A Few Points To Ponder When Voting To Incorporate
By Emil Franzi
THE PRINCIPLE OF self-determination is basic to American life.
In Arizona, people who live within six miles of currently incorporated towns have long been disenfranchised under an oppressive state law that prohibited them from incorporating without the neighboring municipality's permission. Those folks have a right to decide under what local government they should live. On November 4, the residents of the proposed new communities of Casas Adobes and Catalina Foothills will exercise that fundamental right. That's their call and it should be.
Since the state Legislature gave Pima County a two-year respite from the contiguous incorporation law, we've seen both the best and the worst on both sides of the issue. We've witnessed desperate pandering by Mayor George Miller and other Tucson officials. We've seen a bunch of greedy annexation attempts by Tucson, Marana and Oro Valley, communities catering to, and bought off by, portions of the Growth Lobby. We've heard end-of-the-world arguments from a gaggle of doomsayers about the effect of new incorporation on everything from arts funding to water quality.
Conversely, we've seen unrealistic financial projections from supporters of Catalina Foothills and grandiose plans of mega-government from the leaders of Casas Adobes.
We have no recommendation on how the folks in those two communities should vote, but we'd like to point out several factors they should consider before making up their minds:
1) Tucson is not the only kid on the block. If these incorporations fail, Marana and Oro Valley land grabs will continue. Incorporation foes who argue Tucson will be ringed by suburbs ought to realize it already is. Defeating more new towns just makes Marana and Oro Valley more powerful.
2) Many citizens would like to remain in an unincorporated area. For some, that may not be a realistic option. It wasn't for the folks in Tortolita, who were being gobbled by Marana and Oro Valley, and isn't for anybody living near any presently incorporated town. Remember that annexations are constantly gerrymandered around property owners, and residents really don't have that much to say about it.
3) While it's clear the small group of self-aggrandizing and exclusionary snots who are leading most of the incorporation drive in Casas Adobes are hardly the kind of folks rational people would have governing them, there's also no guarantee these same losers would be in charge of anything if incorporation passes. The Board of Supervisors would appoint the Casans' first council, with an election set for next spring. Those who live in Casas Adobes are not giving a mandate to the current self-appointed and secretive "leaders," and we wouldn't expect the Board to appoint a clot of Ed Moore's pals.
The Catalina Foothills incorporation attempt was based on much broader and more inclusive support, but the same rules apply.
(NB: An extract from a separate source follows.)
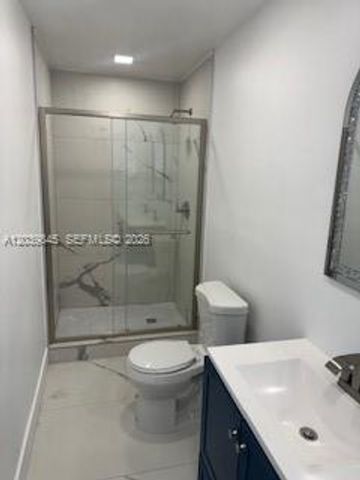 7495 S Waterway Dr 1, Miami, FL 33155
Not liking some of the current leaders isn't a good enough reason to turn down the incorporation.
4) Money may be a good enough reason to reject incorporation. It's plain unrealistic for urban areas to pretend they can supply the services residents demand without supplementing state revenue-sharing funds with some additional taxation--probably a sales tax. Arguments that pro-incorporation folks can provide the current minimal service level with revenue-sharing funds are probably true, but they neglect to consider the future service demands citizens will make.
Casas Adobes planners have gone the other way, with an avaricious attempt to grab every buck they can. Voters in that area are rightly concerned about paying for a new and expensive layer of government.
Recently incorporated Tortolita receives practically no services now, and current residents are pretty clear they don't want any. But Tortolita incorporators were the most realistic of all when they made it clear to petition signers that increased services would mean increased taxes.
5) Miller's argument that neither area has a sufficient tax base to incorporate is fallacious and raises a major question: If they have an insufficient tax base, then why the hell should the City of Tucson annex them? Won't the cost of providing services to them just raise the cost of running the City of Tucson? And when do longtime city residents start to see some return on all the annexation expense?
6) The "full-cost recovery" attempts by Pima County to gouge new towns for contract services also raises big questions: Why does it cost so damn much money to run county government is a question all Pima County residents should be asking. And if all these towns incorporate and pay the full cost of their services, shouldn't we all get a proportionate tax cut when somebody else is picking up the tab for stuff we're already paying for? Likewise, if new communities choose other, less-costly service providers, will Pima County then reduce overhead and taxes proportionately?
Those undecided on incorporation should check the map. If you're anywhere near another incorporated community, your real choice is between that town and taking your chances on a new one. Either way, you'll probably be paying more taxes to one of them.